Letter From The Editor #3
Our campus is a vast collection of nationalities and international students. In this week's issue a Santa Monica College student gives us a small look into student life inside the Islamic Republic of Iran. While most of the world is going through turbulent times, Iran is a particularly important country to know about because of its importance to the Middle East and U.S. interests.
The image we have in the U.S. of Iran is mostly defined by the images of its 1979 Revolution which overthrew the U.S.-backed Shah or king. I grew up hearing about the Islamic Revolution through my mother. She fled El Salvador as a civil war was beginning to erupt and her country suddenly found itself engulfed in a geopolitical Cold War conflict. Her first friends in the United States were Iranian college students supporting the uprising in their own homeland. I grew up hearing her share their own stories about the Shah's immense, glittering wealth and the rise of the Ayatollah Khomeini. Indeed, the Iranian Revolution is a defining event as important as the Russian, Chinese and Cuban revolutions.
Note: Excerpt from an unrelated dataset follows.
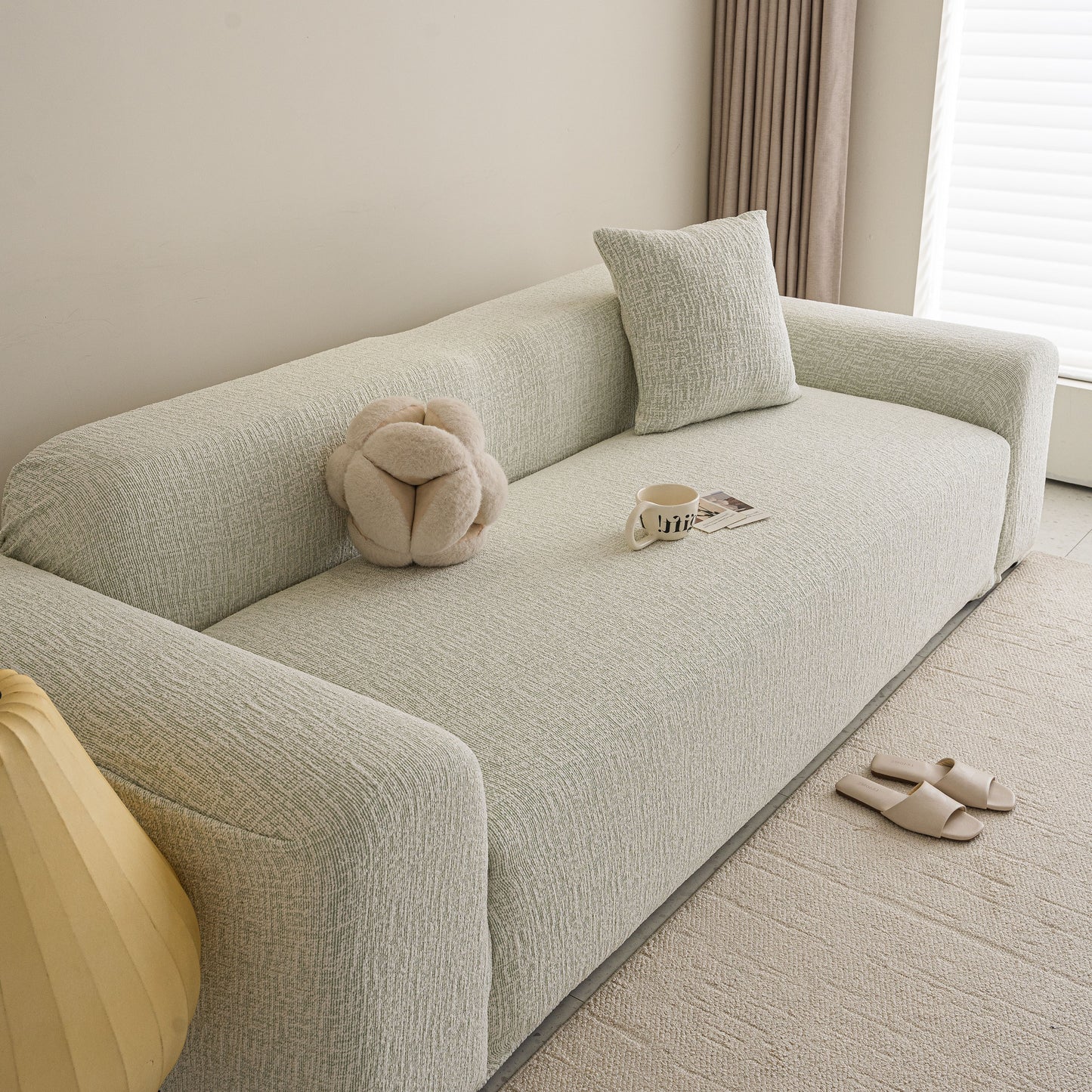 High Stretch Washable Slipcover, Non-Slip Washable Furniture Protector for Kids Pets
More than three decades since the Revolution, a new, young generation of Iranians are making new demands and rebelling in their own ways. In this issue Rom Mir shares her insights and experiences as a student who has only lived in the U.S. for a year. She paints the portrait of a generation without political guidance, seeking leaders and finding rebellion in the indulgences of consumer society. In a globalized world they refuse to be shut in by the strict rules of a religious theocracy. And yet the story of Iran's youth is very similar to that of the West's own, aimless young. What Americans do openly, Iranians must do in secret, however they are linked in that they feel discontent but have no leaders or revolutionary ideas to channel that discontent.
The rest of our issue this week features reports on the Harrison Ford plane crash near Santa Monica. Our reporters immediately made their way to the site of the crash to capture the story. In our Photo Story we feature the fevered color frenzy of the Holi Festival. Spring is arriving and Hindus around the world are celebrating through this ceremony of music and paint.
In our Opinion section I discuss Israeli Prime Minister Benjamin Netanyahu's recent speech before the U.S. Congress denouncing negotiations with Iran over its nuclear development program. It is a dangerous position to take because whatever happens in Iran, whether revolution or war, will affect the world. In 1953 the CIA and the British overthrew the elected government of Mohammad Mossadegh, his crime was nationalizing Iran's oil. He was replaced with the Shah who in turn was replaced by the radical, Islamic Republic. Let us not repeat the same mistake of violent intervention in that country's affairs. As the Salvadoran poet Roque Dalton once wrote, "O country of mine you do not exist except as my deformed shadow, a word coined by my enemy."